We received considerable encouragement from the West Midlands strategic health authority, whose chairman Elisabeth Buggins and then chief executive Cynthia Bower, who has, of course, moved on to dizzier heights in the Department of Health, visited the hospital at my invitation 18 months ago and endorsed the proposals put together by Shropshire County PCT for a redevelopment to take health care facilities into the 21st century. The PCT and local clinicians on the ground were encouraged to develop a vision that would provide an innovative plan for integrated health care services as envisaged under the White Paper, "Our health, our care, our say: a new direction for community services".
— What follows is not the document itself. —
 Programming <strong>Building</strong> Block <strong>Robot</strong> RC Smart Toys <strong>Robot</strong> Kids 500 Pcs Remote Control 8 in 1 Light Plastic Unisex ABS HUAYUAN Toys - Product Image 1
The plan that has been put together is innovative in a number of ways, not least in that it is built around co-location involving the two GP surgeries, both of which have their own constraints: one has no space at all-even its filing area is shared with a broom cupboard-and the other has also run out of capacity. They will be co-located with the hospital. A site has been identified and work has gone so far as to include the inevitable, as it is these days, bat survey to ensure that the development of the site does not disturb the resident bat population in the fine line of oak trees that borders the site. That illustrates the extent to which plans are well advanced. We had been given every encouragement by the PCT to believe that that was something that it wished to proceed with, and there had been every suggestion by the SHA that it was the SHA's top priority project for a community hospital redevelopment in the west midlands. I was under the impression that those plans-the outline business case-had been presented by the SHA to the Department of Health. It seems as though the Department decided to put the onus on the SHA to take things forward.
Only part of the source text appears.